All that said, this is what a non-reallocating set of containers would look like to me:

vector - The vector is sized to its maximum size before use. It will simply assert or call a hardened library handler if enough memory was not reserved in advance. This also avoids generating code for reallocation all over. (I fondly remember a Technical Director dragging me over to his desk to point out std::vector::push_back was taking 3% of CPU when it wasn't supposed to even exist in an optimized build.)

deque - The deque is implemented as an array sized to a maximum power-of-two size before use. It is used as a ring buffer where all operations rely on masking off low bits. E.g. to increment the tail one would use: m_tail_ = (m_tail_ + 1u) & m_mask_ This is a classic algorithm and a non-intrusive design

hash_table/map/set - Again, the hash table is sized to a maximum power-of-two before use. This has the effect of substantially reducing the number of hash collisions during normal operation. Then an embedded singly linked list is used to insert nodes. This doesn't have to be too intrusive, it can rely on a C++20 requires statement that requires the node class to provide an interface for use by the hash table to implement the s-list instead of using a base class or macros.

Pardon me if I am about to put my foot in my mouth, I don't mean to annoy the entire list. To my eye, this doesn't look so different than having well defined map::node_type. Specifically if std::map<T>::node_type was defined as std::unique_ptr<T> and had the additional requirement that:

template<typename node_t_>
concept std::hash_table_node_concept_ =
requires(node_t_& node_, const node_t_& const_node_) {
{ node_.hash_next() } -> std::same_as<node_t_*&>; // Returns a reference to a pointer
{ const_node_.hash_next() } -> std::same_as<node_t_*>; // Returns a pointer
};

In this example, the hash table would take ownership from a std::unique_ptr and return ownership via a std::unique_ptr. Then it would use hash_next() to manipulate the embedded list pointer. This would make explicit and safe management of the lifecycle of T a little easier. Having std::do_not_delete as a no-op destruction policy may also be convenient.

If you have ever had a visualizer that showed allocator memory utilization as a 2D bitmap, it is really amazing how creating a hash table and stuffing 10000 nodes in it incrementally fragments a general purpose allocator.
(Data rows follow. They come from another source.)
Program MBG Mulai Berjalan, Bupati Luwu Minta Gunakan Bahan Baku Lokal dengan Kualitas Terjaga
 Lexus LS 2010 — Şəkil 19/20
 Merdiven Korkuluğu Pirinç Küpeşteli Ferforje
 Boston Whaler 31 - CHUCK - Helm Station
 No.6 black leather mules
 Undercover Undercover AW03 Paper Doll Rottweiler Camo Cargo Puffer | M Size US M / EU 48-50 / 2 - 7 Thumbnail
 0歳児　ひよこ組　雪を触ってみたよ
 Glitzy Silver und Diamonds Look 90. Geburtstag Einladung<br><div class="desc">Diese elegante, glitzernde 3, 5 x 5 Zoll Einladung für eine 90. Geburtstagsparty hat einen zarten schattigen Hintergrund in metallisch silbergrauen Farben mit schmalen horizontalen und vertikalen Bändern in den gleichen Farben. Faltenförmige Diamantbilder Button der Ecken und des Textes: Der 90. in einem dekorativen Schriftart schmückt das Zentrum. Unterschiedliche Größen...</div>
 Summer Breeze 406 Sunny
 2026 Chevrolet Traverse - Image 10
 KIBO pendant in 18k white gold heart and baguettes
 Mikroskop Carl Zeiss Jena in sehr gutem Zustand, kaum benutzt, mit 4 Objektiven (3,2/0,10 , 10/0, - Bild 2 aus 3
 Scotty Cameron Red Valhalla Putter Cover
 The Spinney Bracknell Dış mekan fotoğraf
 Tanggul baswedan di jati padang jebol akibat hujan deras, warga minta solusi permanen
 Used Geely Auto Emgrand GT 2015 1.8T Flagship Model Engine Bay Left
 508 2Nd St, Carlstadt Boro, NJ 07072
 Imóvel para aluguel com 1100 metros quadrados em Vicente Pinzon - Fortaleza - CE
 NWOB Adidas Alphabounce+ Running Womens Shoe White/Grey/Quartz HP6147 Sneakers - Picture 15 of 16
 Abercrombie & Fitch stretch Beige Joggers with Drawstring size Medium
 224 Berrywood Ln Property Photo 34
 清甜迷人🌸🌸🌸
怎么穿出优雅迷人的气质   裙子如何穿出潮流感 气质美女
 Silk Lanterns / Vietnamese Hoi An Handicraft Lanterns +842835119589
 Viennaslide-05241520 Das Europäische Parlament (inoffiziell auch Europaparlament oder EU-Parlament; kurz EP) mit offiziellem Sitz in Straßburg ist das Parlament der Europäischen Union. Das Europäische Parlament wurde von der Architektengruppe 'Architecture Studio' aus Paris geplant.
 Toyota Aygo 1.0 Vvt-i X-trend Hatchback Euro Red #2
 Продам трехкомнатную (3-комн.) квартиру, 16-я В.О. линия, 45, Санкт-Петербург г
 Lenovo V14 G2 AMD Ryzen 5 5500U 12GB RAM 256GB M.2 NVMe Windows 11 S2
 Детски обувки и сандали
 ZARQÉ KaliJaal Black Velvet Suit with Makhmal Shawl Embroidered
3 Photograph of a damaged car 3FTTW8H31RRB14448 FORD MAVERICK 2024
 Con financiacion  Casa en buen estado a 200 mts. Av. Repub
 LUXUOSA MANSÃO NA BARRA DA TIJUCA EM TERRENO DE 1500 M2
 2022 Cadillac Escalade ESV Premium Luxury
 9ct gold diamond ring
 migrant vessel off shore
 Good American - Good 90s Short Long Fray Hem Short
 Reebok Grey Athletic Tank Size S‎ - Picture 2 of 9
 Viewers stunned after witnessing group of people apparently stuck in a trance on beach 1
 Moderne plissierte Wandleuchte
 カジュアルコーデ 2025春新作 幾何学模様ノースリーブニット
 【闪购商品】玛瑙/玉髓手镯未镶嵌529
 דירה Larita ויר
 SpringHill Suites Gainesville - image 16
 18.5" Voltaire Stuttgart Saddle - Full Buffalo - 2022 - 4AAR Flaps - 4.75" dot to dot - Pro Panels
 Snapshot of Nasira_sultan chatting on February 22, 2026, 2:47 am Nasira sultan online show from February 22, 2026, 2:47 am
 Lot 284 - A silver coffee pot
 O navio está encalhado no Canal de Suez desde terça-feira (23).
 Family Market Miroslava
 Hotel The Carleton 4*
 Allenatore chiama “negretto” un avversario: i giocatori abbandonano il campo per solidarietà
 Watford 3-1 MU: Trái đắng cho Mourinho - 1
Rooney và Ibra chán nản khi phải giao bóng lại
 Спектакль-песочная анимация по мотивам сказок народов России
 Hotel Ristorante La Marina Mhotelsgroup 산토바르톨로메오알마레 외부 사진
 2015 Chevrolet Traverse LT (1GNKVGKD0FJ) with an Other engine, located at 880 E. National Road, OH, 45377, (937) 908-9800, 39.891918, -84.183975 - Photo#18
Oddly enough, I have worked with one of those once.

(s)list - The node could be defined using a concept and operations could involve std::unique_ptr as described above. For maximum optimality the Sentinel Pattern and the XOR Doubly Linked List Pattern could be used to fit a doubly linked list into a single intptr_t per-node with no null checks. If the sentinel node also functioned as the end() iterator you have branchless list iteration with a single xor to decode the next address. The only downside is that the Sentinel Pattern would require the nodes to use a base class. Unless I am somehow lacking imagination.